WHAT THE EXERCISE ASKS |
Beginning with the line that contains "this 640×480 image.", retype the entries below exactly, ending with the line that contains "this 400×320 image.". Leave out any pictures.

ENTRIES SHOWN |
((

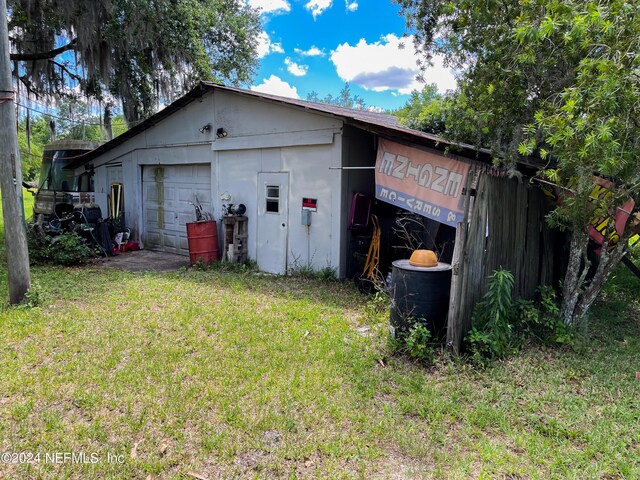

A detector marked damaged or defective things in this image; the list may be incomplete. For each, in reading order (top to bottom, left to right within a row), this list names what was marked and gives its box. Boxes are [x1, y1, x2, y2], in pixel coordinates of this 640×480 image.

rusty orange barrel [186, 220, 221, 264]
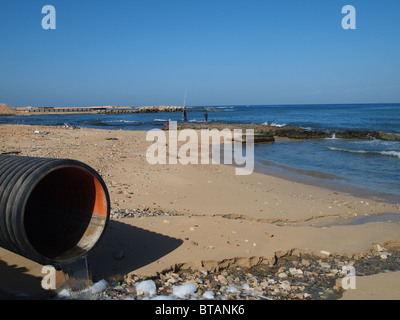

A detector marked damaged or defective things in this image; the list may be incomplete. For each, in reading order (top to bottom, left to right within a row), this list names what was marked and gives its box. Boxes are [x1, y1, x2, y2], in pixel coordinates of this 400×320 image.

))
((

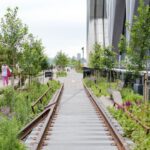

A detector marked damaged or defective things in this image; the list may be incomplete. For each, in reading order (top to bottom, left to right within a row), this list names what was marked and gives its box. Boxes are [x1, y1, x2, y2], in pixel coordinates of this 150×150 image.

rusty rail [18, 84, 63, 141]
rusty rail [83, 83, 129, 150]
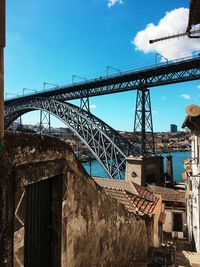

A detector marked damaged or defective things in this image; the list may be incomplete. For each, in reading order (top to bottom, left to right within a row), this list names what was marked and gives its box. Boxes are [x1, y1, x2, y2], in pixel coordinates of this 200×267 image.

))

RESPONSE TO THIS TASK |
A detector marked damaged or defective things in this image; the list may be incomplete. For each, in reading order (top to bottom, left to right within a row), this list names what was marked and gives its box. Boxes are [x1, y1, x2, y2], in pixel coordinates of this 640×480 image.

rusty orange barrel [186, 220, 221, 264]

A detector marked damaged or defective things in this image; the list may be incomplete. For each, in reading order (top to bottom, left to right within a row), this list names what was marked and gives its box. Boxes are [x1, y1, x2, y2], in pixel coordinates of this 400×320 image.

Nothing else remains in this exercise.